At the same time, cultural nationalists argue that if Australia’s culture is not protected by government through regulation, subsidies and broadcast quotas, then that culture is at risk. The market cannot provide what Australians need, and the government has to step in.
But the case for cultural protectionism is weak. Often calls for subsidy are just naked special pleading. These are easy to dismiss — probably the worst thing for both taxpayers and artists would be a special category of welfare for creative industries.
Decades of government subsidies have already fostered dependency in the cultural sector. And relying on government rather than consumers for finance provides little incentive for cultural producers to tailor their work to the demands of the public.
As a result, the steady stream of below-par and ideologically heavy-handed productions funded by the Government has given Australian films a poor reputation. Recent films Candy, Little Fish and 2:37 have depicted urban and middle-class life as awash with drug use, depression and death.
For audiences, the “made in Australia” brand now often has negative connotations. And when critics deliberately go easy on local films, they compound the problem.
Taxpayer support is seen as a right by artists who believe they are serving a higher purpose — rather than satisfying the demands of their audience.

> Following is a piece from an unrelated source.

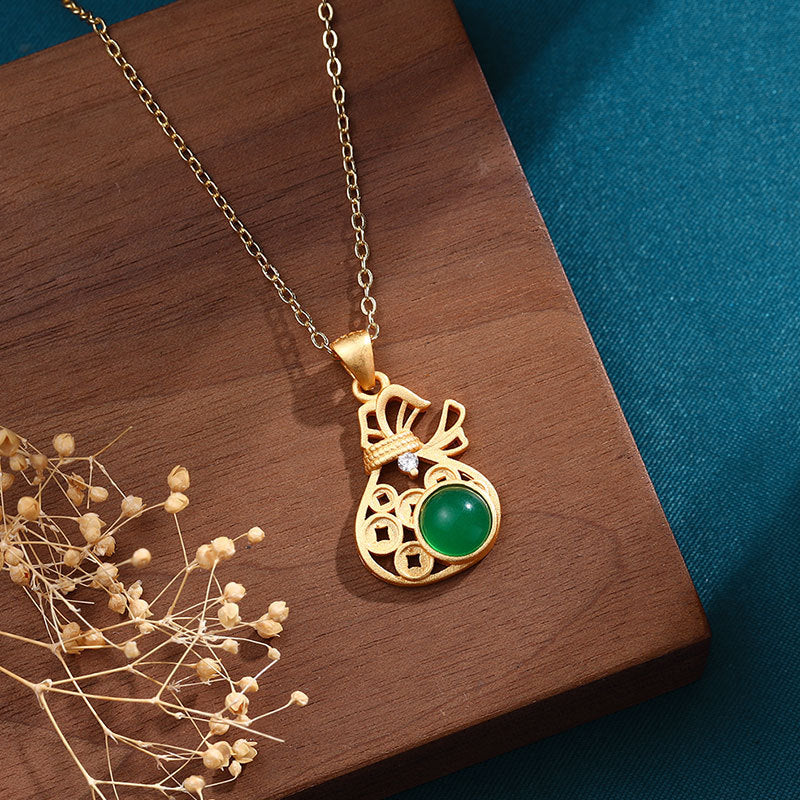 Charming Gold Necklace for Any Occasion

But a culture dependent on government handouts is a weak culture. Throughout history, the most vibrant intellectual and artistic cultures have been those that were decentralised, entrepreneurial and commercial.

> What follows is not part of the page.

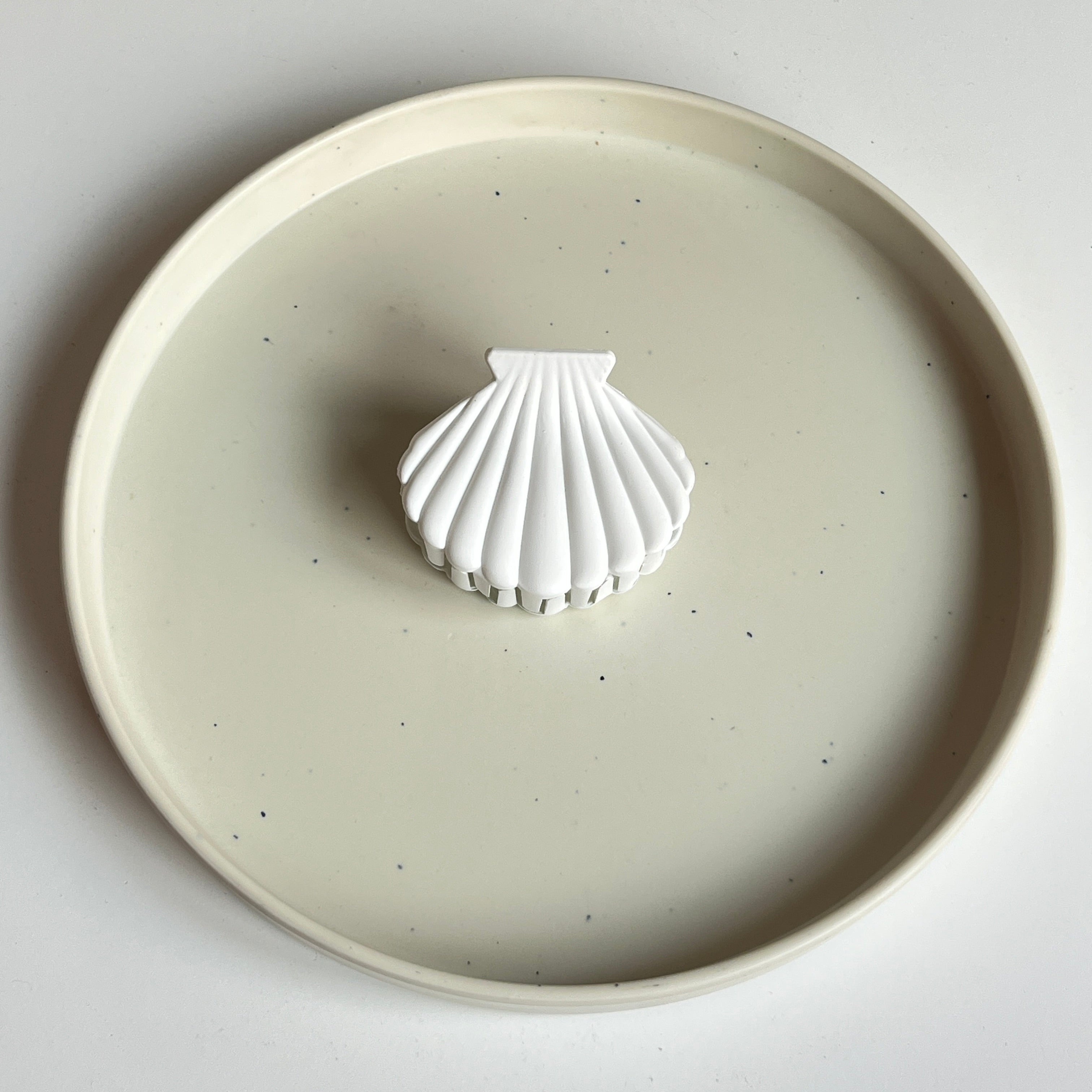 Shell Medium Hair Claw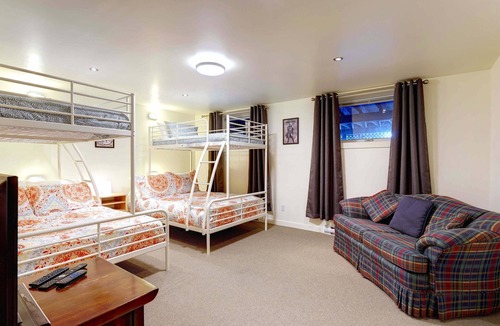 Saint-Didace Ski Chalet | La luz del dia ~ Spa & BBQ ~ Lakeside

The market economy has been the driving force behind most of what we consider to be “great” art. Markets in which consumer choice dominates provide cultural producers with far greater freedom to supply niche products to consumers with diverse tastes. And markets discipline artists to produce accessible work.
French history provides an illustration of both the negative consequences of cultural subsidies and the virtues of marketplace-driven art.
French cinema dominated the first few decades of the 20th century. Indeed, it was so popular that American filmmakers argued that the US required protection.
But as the French government set up lavish film bureaucracies after World War II, its industry atrophied and its films grew less popular. US films now make up 60 per cent of the market in France — in the 1930s, that figure was just 15 per cent.
The reaction against cultural imperialism has the unintended consequence of making cultural industries uncompetitive.
Robert Manne hoped in the latest Monthly that if a Kevin Rudd government was elected that the gulf between the government and the nation’s creative artists would be bridged.
It is hard to imagine how turning more artists into tax-eaters would be good for Australian culture.